> SOURCE MATERIAL:
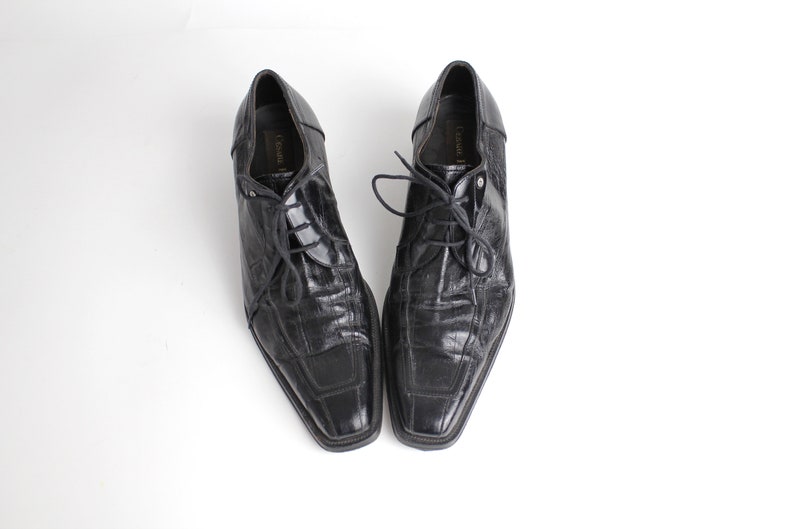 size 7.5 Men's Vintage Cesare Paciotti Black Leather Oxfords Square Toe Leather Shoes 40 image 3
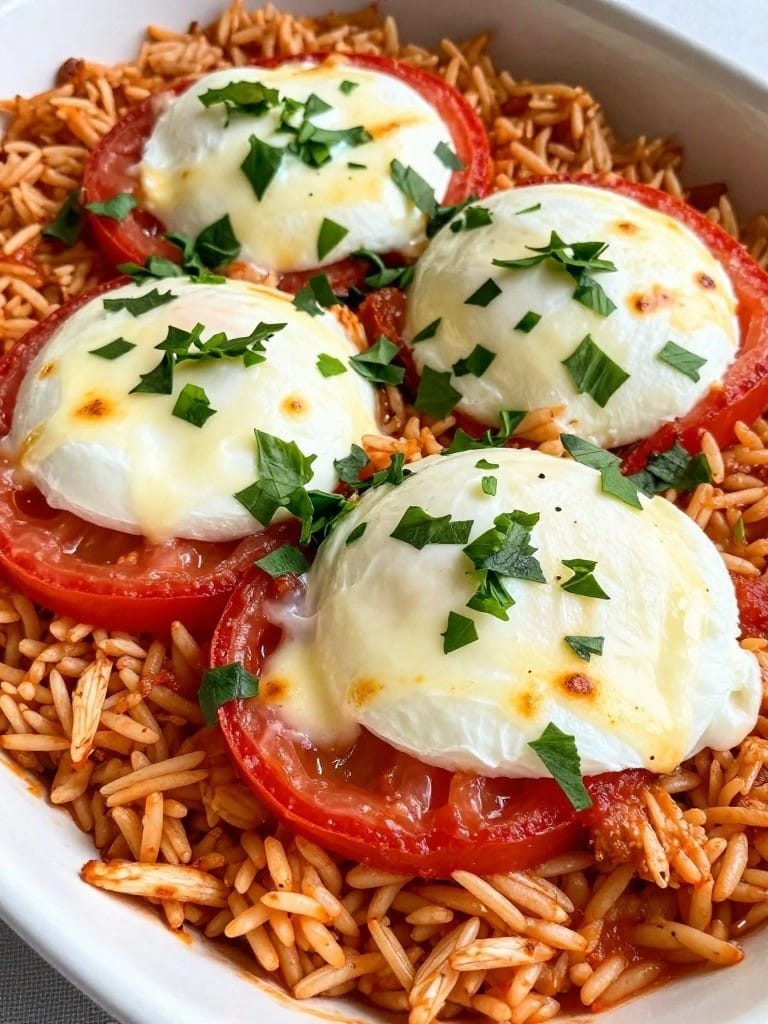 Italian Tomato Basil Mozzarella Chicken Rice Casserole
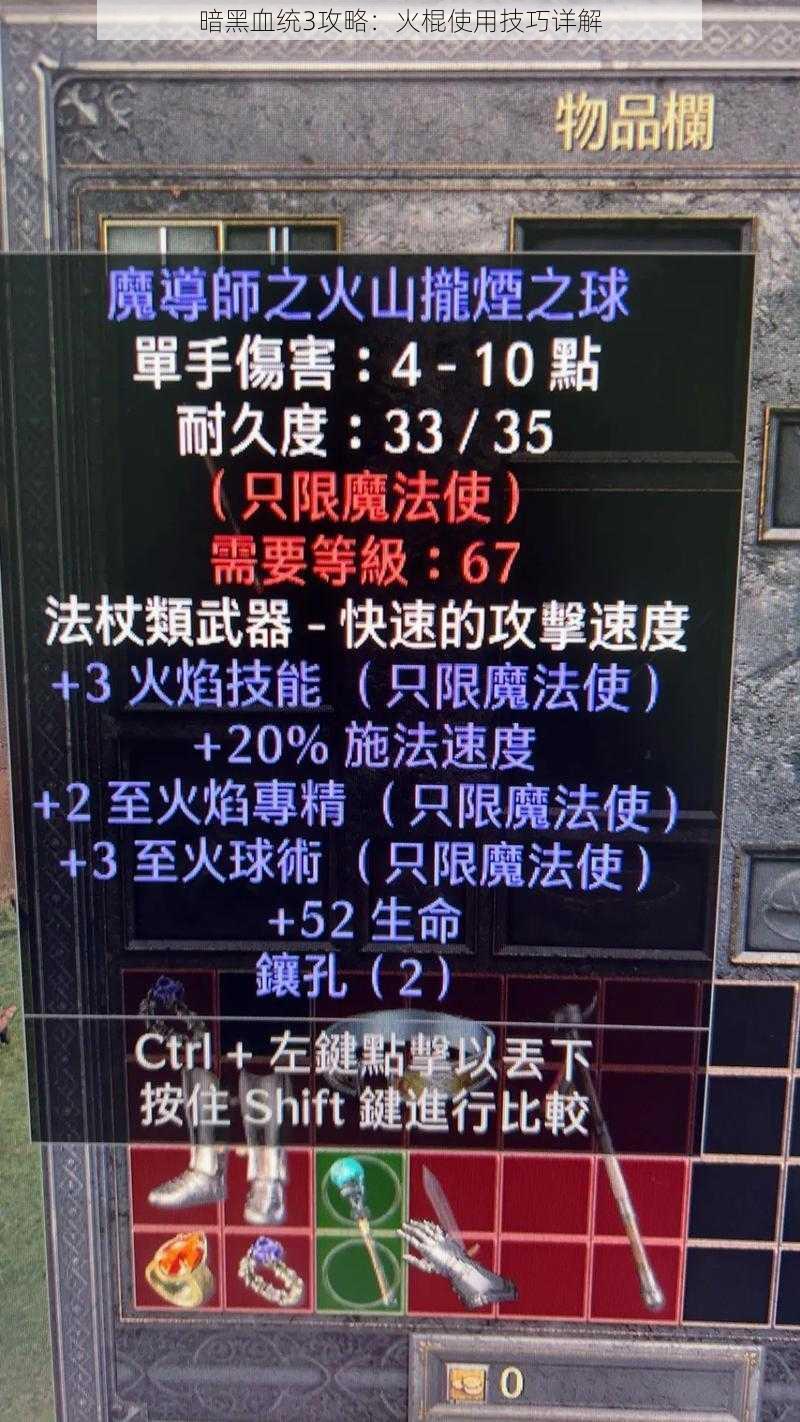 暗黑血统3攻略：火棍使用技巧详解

> WHAT YOU SHOULD DO:
From the data above, write out everything exactly except the pictures.

> SOLUTION FOR THIS EXERCISE:
 size 7.5 Men's Vintage Cesare Paciotti Black Leather Oxfords Square Toe Leather Shoes 40 image 3
 Italian Tomato Basil Mozzarella Chicken Rice Casserole
 暗黑血统3攻略：火棍使用技巧详解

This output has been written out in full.